**AIM OF THE EXERCISE**. Only one stretch of the data below should be repeated: the lines from the line containing "エレガントなサプライズ退職パーティーの招待状 招待状 (スタンド正面)" through the line containing "Серебряный крестик с фианитами (PPS1380-P)", inclusive, exactly as they are.
EXERCISE DATA below:
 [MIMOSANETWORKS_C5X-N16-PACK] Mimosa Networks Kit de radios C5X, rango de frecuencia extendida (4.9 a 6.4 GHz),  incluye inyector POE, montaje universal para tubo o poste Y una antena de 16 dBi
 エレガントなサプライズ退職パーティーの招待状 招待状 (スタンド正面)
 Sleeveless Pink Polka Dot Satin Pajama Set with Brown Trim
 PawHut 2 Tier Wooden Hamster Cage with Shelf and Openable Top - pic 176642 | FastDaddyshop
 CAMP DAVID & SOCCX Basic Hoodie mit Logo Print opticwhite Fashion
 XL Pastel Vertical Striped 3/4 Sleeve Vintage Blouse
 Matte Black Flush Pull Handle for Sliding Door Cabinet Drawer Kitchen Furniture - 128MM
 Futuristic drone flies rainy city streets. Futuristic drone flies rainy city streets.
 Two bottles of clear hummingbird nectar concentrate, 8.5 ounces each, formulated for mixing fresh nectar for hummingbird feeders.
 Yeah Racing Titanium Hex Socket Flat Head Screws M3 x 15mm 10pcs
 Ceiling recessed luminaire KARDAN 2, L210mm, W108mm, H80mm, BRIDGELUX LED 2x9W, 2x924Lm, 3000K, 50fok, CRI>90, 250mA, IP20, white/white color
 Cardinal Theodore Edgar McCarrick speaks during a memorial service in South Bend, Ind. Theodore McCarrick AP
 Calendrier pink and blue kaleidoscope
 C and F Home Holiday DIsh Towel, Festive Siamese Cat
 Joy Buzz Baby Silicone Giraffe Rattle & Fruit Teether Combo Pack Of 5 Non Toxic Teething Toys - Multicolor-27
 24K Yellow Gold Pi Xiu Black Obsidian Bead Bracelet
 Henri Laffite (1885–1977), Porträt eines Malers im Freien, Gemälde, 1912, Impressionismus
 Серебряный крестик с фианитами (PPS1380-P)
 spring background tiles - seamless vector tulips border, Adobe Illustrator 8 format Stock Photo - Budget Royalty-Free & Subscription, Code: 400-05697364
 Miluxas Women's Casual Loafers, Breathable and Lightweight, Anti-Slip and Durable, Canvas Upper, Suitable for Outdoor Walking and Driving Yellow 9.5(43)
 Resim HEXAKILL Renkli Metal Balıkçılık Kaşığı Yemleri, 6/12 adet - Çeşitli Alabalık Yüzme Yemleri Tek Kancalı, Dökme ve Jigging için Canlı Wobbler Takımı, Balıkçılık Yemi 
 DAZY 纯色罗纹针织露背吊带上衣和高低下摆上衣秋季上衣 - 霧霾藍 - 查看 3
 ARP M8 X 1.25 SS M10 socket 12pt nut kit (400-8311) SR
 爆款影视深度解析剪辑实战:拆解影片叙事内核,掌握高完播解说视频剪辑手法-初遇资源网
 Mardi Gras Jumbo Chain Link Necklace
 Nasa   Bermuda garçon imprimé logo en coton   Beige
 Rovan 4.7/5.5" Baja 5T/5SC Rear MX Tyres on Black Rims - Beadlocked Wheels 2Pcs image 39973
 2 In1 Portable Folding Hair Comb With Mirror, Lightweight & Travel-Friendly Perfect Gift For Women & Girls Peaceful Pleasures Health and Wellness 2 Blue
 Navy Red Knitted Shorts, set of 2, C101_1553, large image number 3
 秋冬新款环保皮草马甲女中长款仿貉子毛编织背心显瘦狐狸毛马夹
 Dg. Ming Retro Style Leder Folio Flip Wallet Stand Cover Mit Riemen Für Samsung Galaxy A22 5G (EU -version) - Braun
End of EXERCISE DATA.
**SOLVED PROBLEM**.
 エレガントなサプライズ退職パーティーの招待状 招待状 (スタンド正面)
 Sleeveless Pink Polka Dot Satin Pajama Set with Brown Trim
 PawHut 2 Tier Wooden Hamster Cage with Shelf and Openable Top - pic 176642 | FastDaddyshop
 CAMP DAVID & SOCCX Basic Hoodie mit Logo Print opticwhite Fashion
 XL Pastel Vertical Striped 3/4 Sleeve Vintage Blouse
 Matte Black Flush Pull Handle for Sliding Door Cabinet Drawer Kitchen Furniture - 128MM
 Futuristic drone flies rainy city streets. Futuristic drone flies rainy city streets.
 Two bottles of clear hummingbird nectar concentrate, 8.5 ounces each, formulated for mixing fresh nectar for hummingbird feeders.
 Yeah Racing Titanium Hex Socket Flat Head Screws M3 x 15mm 10pcs
 Ceiling recessed luminaire KARDAN 2, L210mm, W108mm, H80mm, BRIDGELUX LED 2x9W, 2x924Lm, 3000K, 50fok, CRI>90, 250mA, IP20, white/white color
 Cardinal Theodore Edgar McCarrick speaks during a memorial service in South Bend, Ind. Theodore McCarrick AP
 Calendrier pink and blue kaleidoscope
 C and F Home Holiday DIsh Towel, Festive Siamese Cat
 Joy Buzz Baby Silicone Giraffe Rattle & Fruit Teether Combo Pack Of 5 Non Toxic Teething Toys - Multicolor-27
 24K Yellow Gold Pi Xiu Black Obsidian Bead Bracelet
 Henri Laffite (1885–1977), Porträt eines Malers im Freien, Gemälde, 1912, Impressionismus
 Серебряный крестик с фианитами (PPS1380-P)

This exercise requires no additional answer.